Rita Repulsa appears in Power Rangers, portrayed by Elizabeth Banks. Rita is the former Green Ranger, with her character now seeking to harness the Ranger's power source. An apparent former member of Zordon's Ranger team, Rita betrayed them to acquire the power of the Zeo Crystal, the source of all life on Earth, killing the rest of the team until Zordon buried the Power Coins and had Alpha hide his location with a meteor that blasted Rita into the ocean and seriously damaged her armor. She is brought up in the present day by a fishing boat captained by Sam Scott, Jason's father, and soon sets about gathering gold to replenish her power with the goal of unleashing Goldar, a massive monster who will allow her to acquire the Crystal. After the Rangers are forced to confront her directly despite not having mastered their powers, she kills Billy after she forces him to reveal the location of the Crystal, which is underneath the Krispy Kreme doughnut shop, but Zordon and the other Rangers are able to revive him, at the cost of sacrificing Zordon's chance to come back to life himself. The Rangers subsequently face Goldar in battle with the Zords, but only gain the upper hand when they form the Megazord. Despite Rita merging with Goldar to take charge of the fight, the Rangers are finally able to defeat her and destroy Goldar. They offer her the chance to surrender and hand over the green Power Coin, but she instead tries to attack them again, only to be 'slapped' into the sky by Jason. She is last shown drifting in space towards the Moon, smiling in satisfaction as her body freezes.

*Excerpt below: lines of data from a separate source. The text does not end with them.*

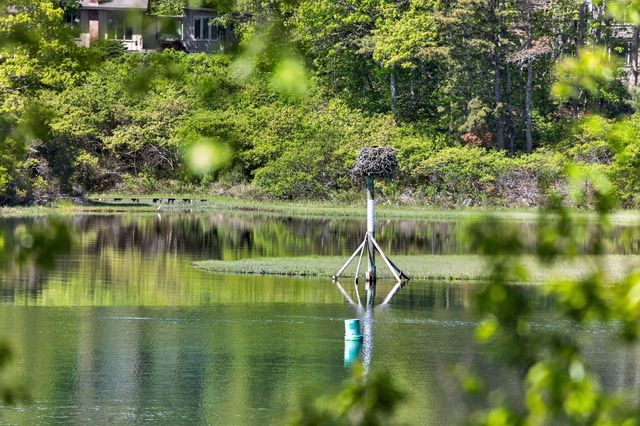 31 Albion Way, South Dennis, MA 02660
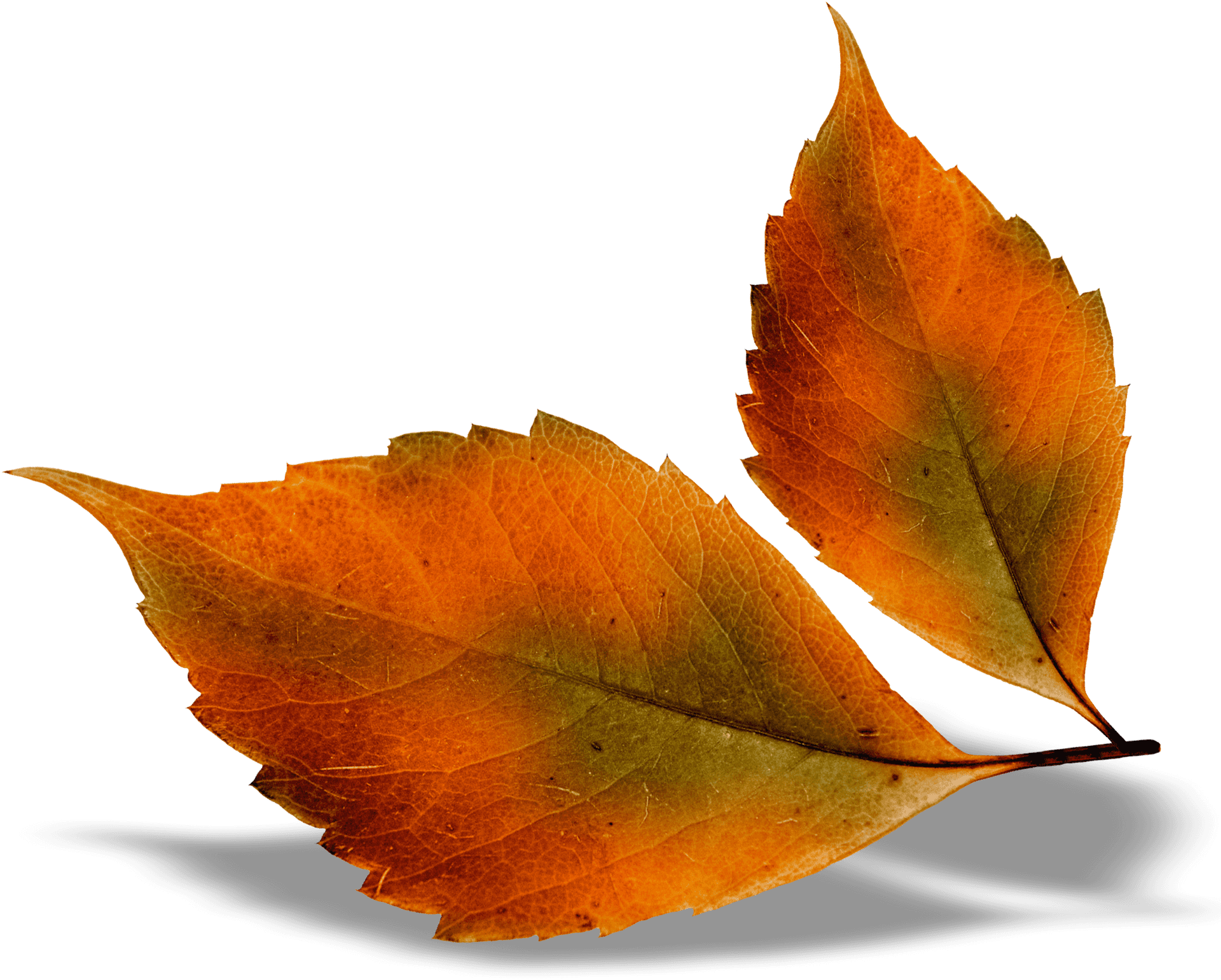 Autumn Leaves Transparent Background PNG Image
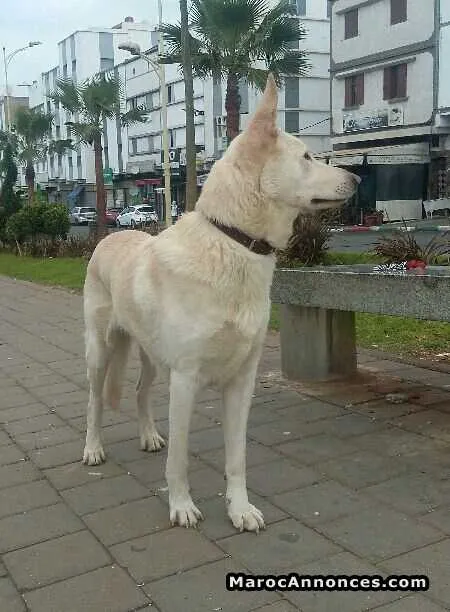 Chien berger suiss  à vendre - الدار البيضاء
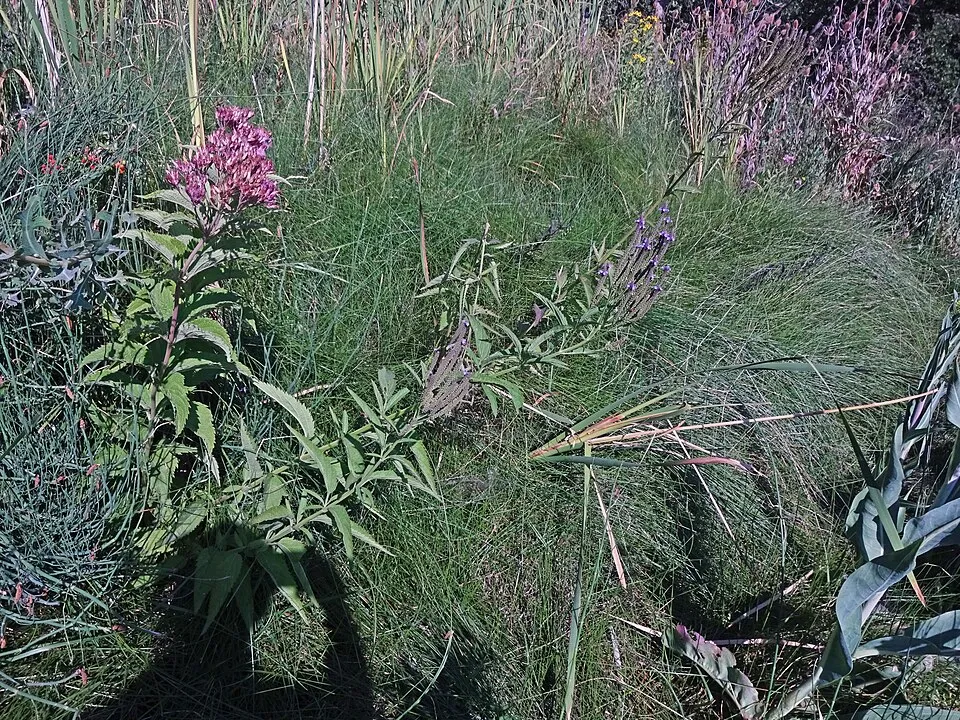 Sédkender / Eutrochium (syn. Eupatorium) maculatum 'Purple Bush'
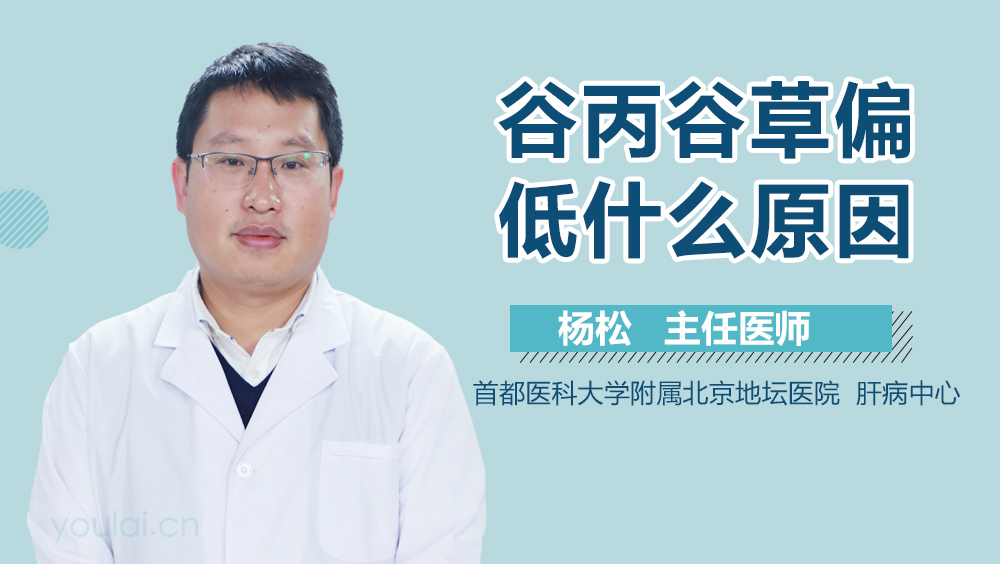 谷丙谷草偏低什么原因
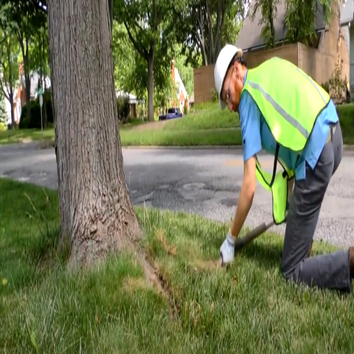 Master of Tree Care Services Inc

==== Power/Rangers (2015 short film) ====
In Power/Rangers Rita Repulsa (played by Katee Sackhoff and Carla Perez), in this much darker fan short film, in this timeline the Machine Empire defeats the Power Rangers and destroys the Megazord in battle, Earth's governments negotiate a truce with the Machine Empire and the Power Rangers are disbanded. Rita (disguised as Kimberly Hart) pretends to be captured by Rocky DeSantos, the second Red Ranger, who has defected to the Machine Empire. Rita is murdering the other former Power Rangers as part of her plan to find Tommy Oliver and convince him to rejoin her so they can rule the world together.

==Reception==
O Globo and other media noted that the character remained closely associated with Carla Perez's portrayal. The shift in the approach of the character in 2024 was noted: "Rita Repulsa is famously the first villain the Power Rangers ever had to face, and she’s maintained her standing as a pillar of evil and villainy throughout Power Rangers lore. However, in Power Rangers Prime, the real villains are the Eldarians, and they were famously heroic in Power Rangers canon". Another commentator thought that the change made her "unrecognizable".